▶ [RECORDS PROVIDED]
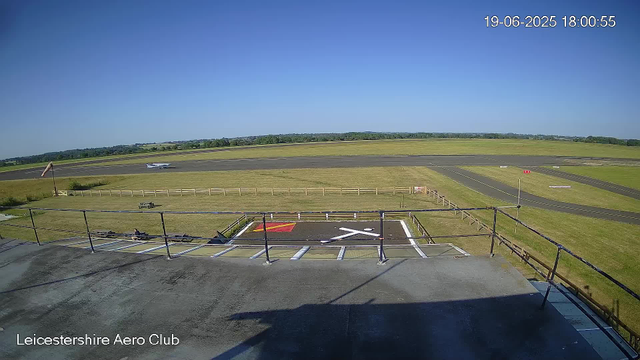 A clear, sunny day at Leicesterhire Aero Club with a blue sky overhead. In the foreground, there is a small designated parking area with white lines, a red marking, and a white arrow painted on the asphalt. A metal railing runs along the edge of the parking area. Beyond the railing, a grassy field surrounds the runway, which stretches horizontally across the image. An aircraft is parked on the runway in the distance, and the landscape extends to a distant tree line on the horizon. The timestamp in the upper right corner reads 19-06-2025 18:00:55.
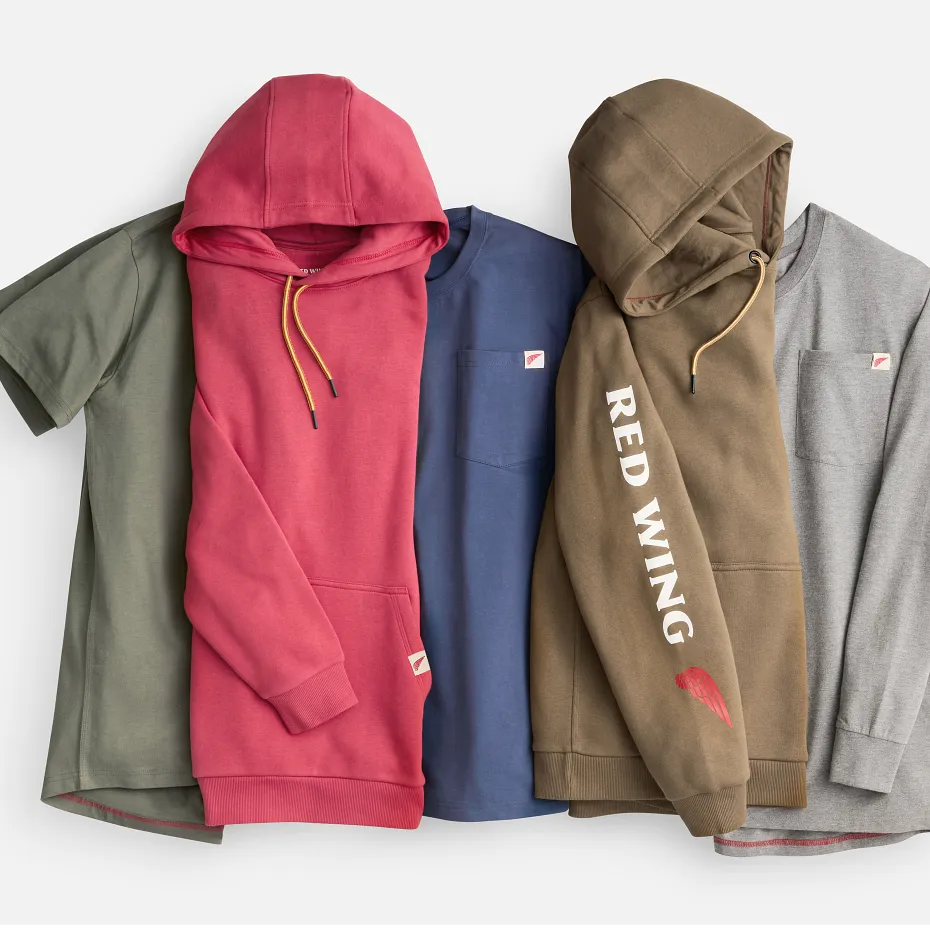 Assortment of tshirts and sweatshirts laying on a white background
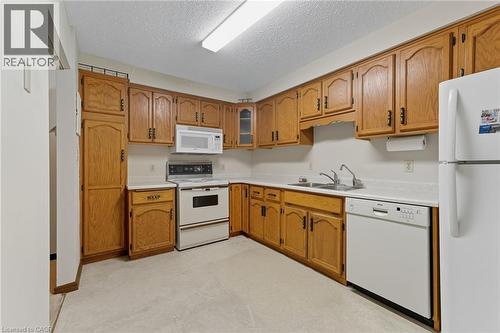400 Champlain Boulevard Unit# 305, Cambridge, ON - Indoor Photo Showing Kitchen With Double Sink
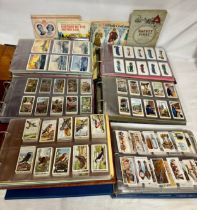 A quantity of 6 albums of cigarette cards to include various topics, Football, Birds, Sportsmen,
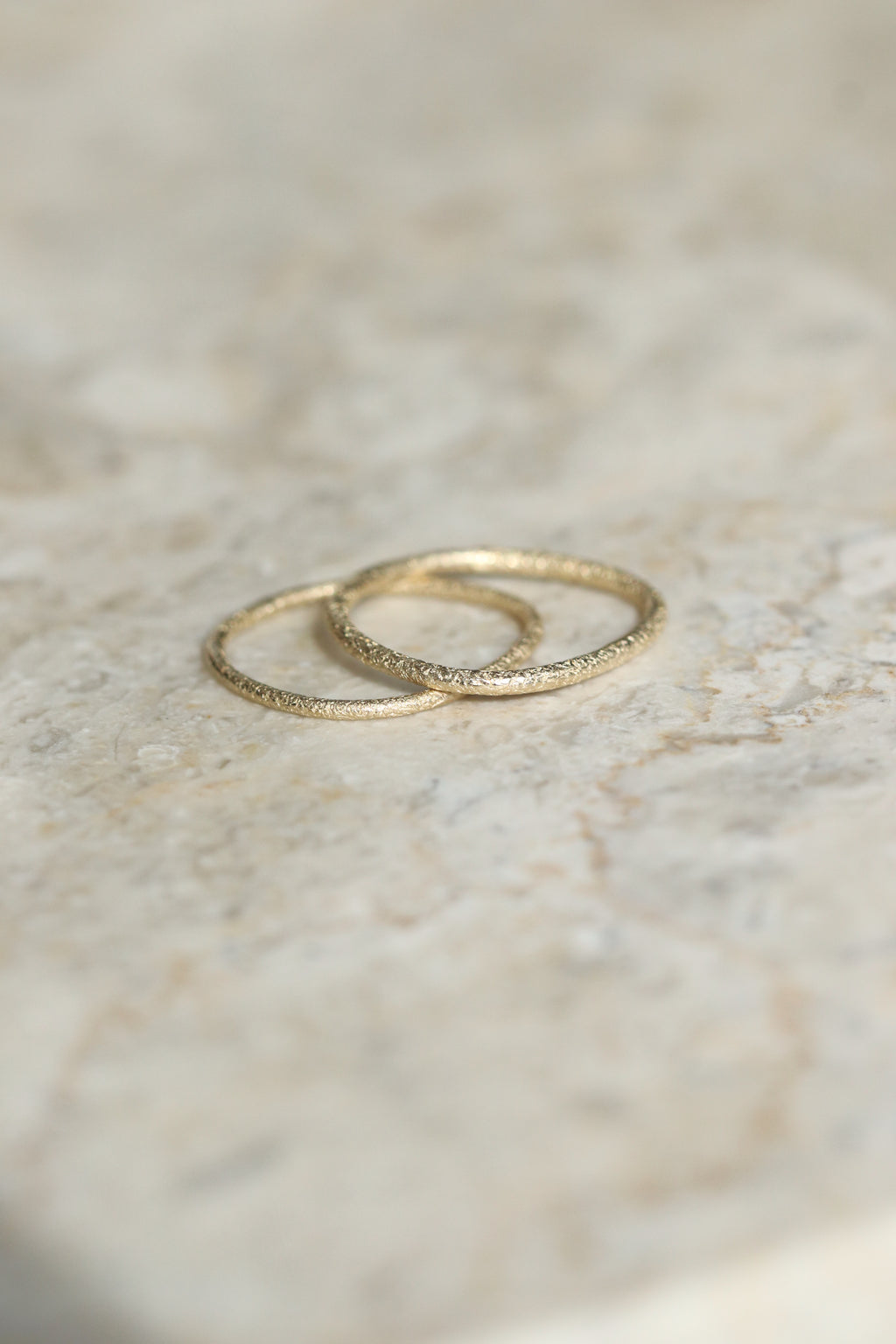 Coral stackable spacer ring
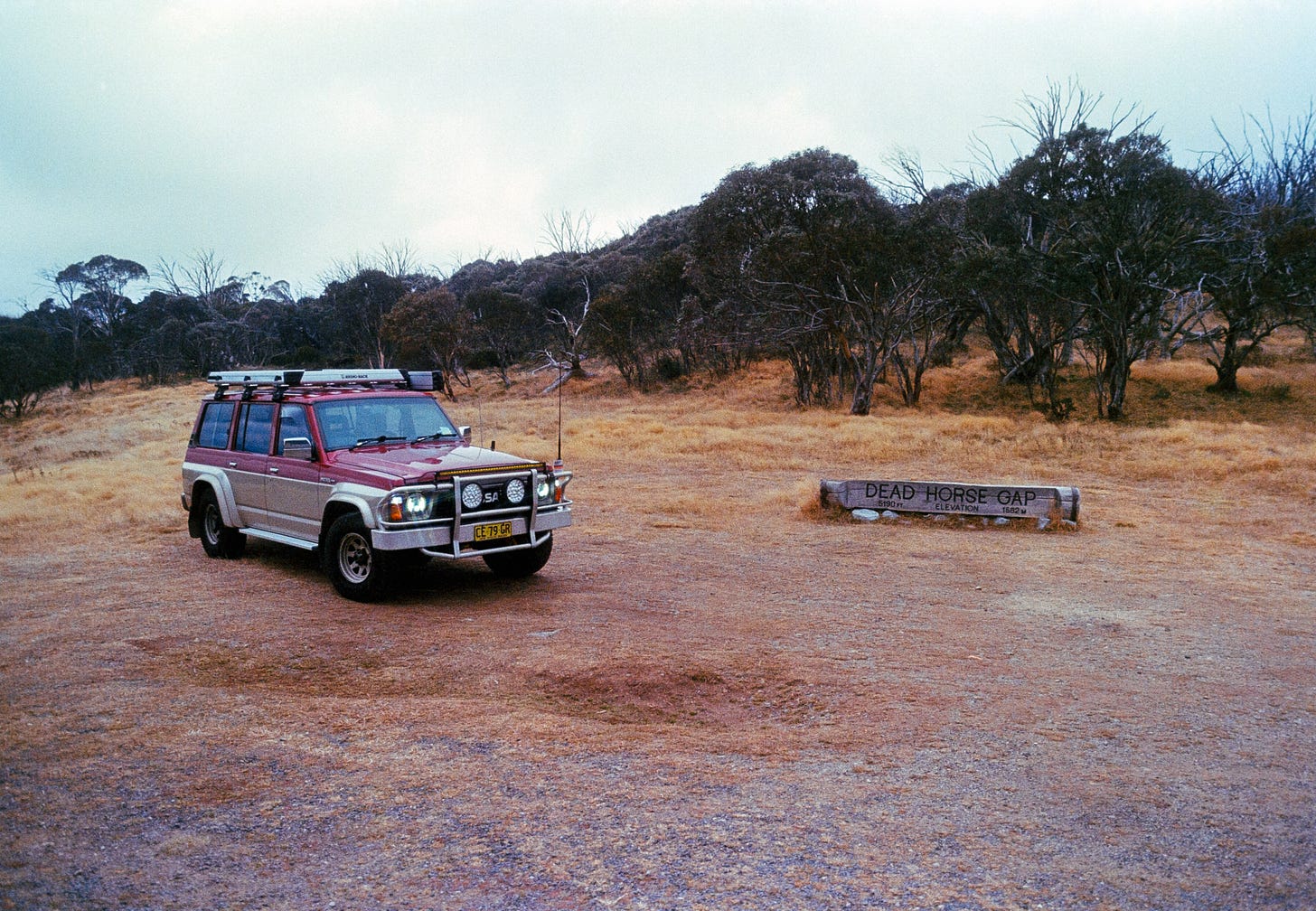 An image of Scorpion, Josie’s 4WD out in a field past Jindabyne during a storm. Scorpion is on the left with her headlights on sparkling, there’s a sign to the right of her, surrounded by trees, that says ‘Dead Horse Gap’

▶ [THE PROBLEM] With pictures left out, repeat exactly the lines from the line bearing "Assortment of tshirts" through the final line of the records above.

▶ [RESULT FOR THIS TASK]
 Assortment of tshirts and sweatshirts laying on a white background
400 Champlain Boulevard Unit# 305, Cambridge, ON - Indoor Photo Showing Kitchen With Double Sink
 A quantity of 6 albums of cigarette cards to include various topics, Football, Birds, Sportsmen,
 Coral stackable spacer ring
 An image of Scorpion, Josie’s 4WD out in a field past Jindabyne during a storm. Scorpion is on the left with her headlights on sparkling, there’s a sign to the right of her, surrounded by trees, that says ‘Dead Horse Gap’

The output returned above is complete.